KARs composed of GluK2/GluK5 subunits are believed to be the most prominent within the brain (Petralia et al., 1994), thus the majority of studies investigating KAR assembly and trafficking have focused on these two subunits. One check-point involved in proper receptor assembly is the occupancy of the ligand-binding site. Recombinant studies have demonstrated that mutations that reduce agonist affinity results in the subunits being retained within the ER and not inserted into the plasma membrane (Mah et al., 2005; Gill et al., 2009; Fisher and Housley, 2013). For homomeric GluK2 receptors, glutamate binding promotes proper folding resulting in a conformational change that is essential for assembly and trafficking of the receptor (Gill et al., 2009). The GluK5 subunit was found to contain several ER retention motifs that prevented surface expression unless this subunit was bound to a GluK1 – 3 subunit (Gallyas et al., 2003; Ren et al., 2003), a process that promotes formation of heteromeric receptors. Furthermore it was recently determined that agonist binding to the GluK5 subunit alone was sufficient to promote the formation of heteromeric GluK2/5 subunits (Fisher and Housley, 2013). Together these studies demonstrate the complexity of receptor assembly and trafficking as well as represent a key role for both the GluK2 and GluK5 subunits.
Early studies have conclusively demonstrated that mRNA for a portion of kainate receptor subunits is expressed throughout the brain and spinal cord (Wisden and Seeburg, 1993; Bahn et al., 1994; Bettler and Mulle, 1995). Similar
results were noted in the hippocampus, in which mRNA for all of the KAR subunits was also observed, however the expression within the hippocampus varies between regions and cell types. Furthermore, the mossy fiber – CA3 synapse was the first hippocampal region shown to utilize kainate receptors (Castillo et al., 1997; Vignes and Collingridge, 1997). In this region the CA3 pyramidal cells, as well as dentate granule cells, show elevated mRNA levels for GluK2, GluK4 and GluK5. GluK3 mRNA appears to be restricted to dentate granule cells, while interneurons predominately express GluK1, in addition to GluK2 – 3 (Bahn et al., 1994; Bureau et al., 1999; Paternain et al., 2000; Darstein et al., 2003).

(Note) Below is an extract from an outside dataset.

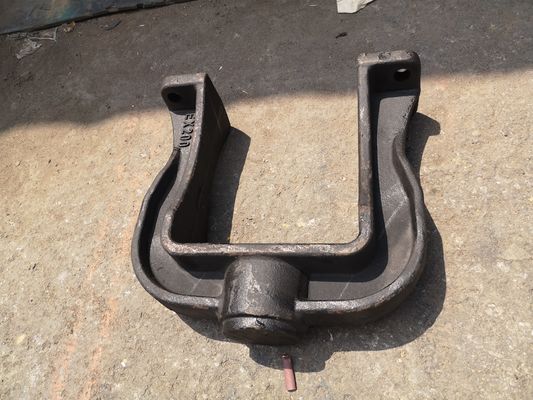 EX200 掘削機 U型フレーム/ストレンスリンダースプリング組立ベース,すべてのモデルが利用可能.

Variability in subunit localization, differences in the biophysical properties of the subunits and regulation by Neto1 and Neto2 make it difficult to study KARs
in vivo. Furthermore, these differences become more apparent when attempting to use pharmacological agents to activate or block the receptor, as each subunit may behave differently to agonists and antagonists. As a result of this variability the role of KARs in regulating excitatory neurotransmission, specifically within the diseased brain, is not fully understood.